In a short, but illustrative “thought leadership” report from Prudential, the $1.4 trillion in asset insurance and retirement planning firm, three major sources of financial stress were identified as affecting the future financial security of millions of retirees.
The report, Preparing for Longevity: Overcoming Financial Wellness Challenges, is part of a series on “thought leadership” from Prudential Insights that provides “thought leadership that drives conversation.” This is a gross overstatement since none of the suggestions in this small report are new.
At first, the fact that there is nothing new in this report would be surprising since Prudential Financial is the nation’s largest insurance company, with total assets of $1.456 trillion. One would expect new information, or at least, some better suggestions from the experts for alleviating the nation’s acknowledge retirement crisis.
But this is not the case. Instead, Prudential cites some old, chronic causes about why millions of Americans will face financial insecurity after they stop working.
In the report, Prudential cites the following challenges that impair the ability of millions of Americans to retire. These factors are:
- Saving for retirement. Prudential cites an old study from the Center for Retirement Research at Boston College found that if a worker wants to retire at age 62 while maintaining their current standard of living, and sustain their lifestyles, a 25-year-old now working needs to consistently save 15% of their income. The bad news is that most workers only save about half of that, despite employer 401k contributions.
- Declines in homeownership.
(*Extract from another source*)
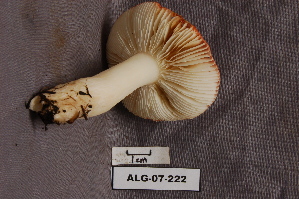 ( - TRTC157047)  @11 [ ] CreativeCommons - Attribution Non-Commercial Share-Alike (2010) Mycology Division, Royal Ontario Museum Royal Ontario Museum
Millennials and Gen Z workers cannot afford a home, much of it due to student loan debt. Homeownership is a key to wealth creation.
- Unequal wages between men and women. The report noted the importance of gender inequality in salaries and how it impacts retirement. In the article, Prudential found that “women are more likely than men to carry student loan debt (25% versus 18%). Women are also less likely to have saved for retirement (54% versus 61%) and, on average, have lower retirement savings ($115,000 versus $203,000).”
For a $1.4 trillion-dollar expert in retirement and financial services, Prudential is either intentionally blind to the realities affecting future retirees or just wants to avoid the real discussion affecting retirement.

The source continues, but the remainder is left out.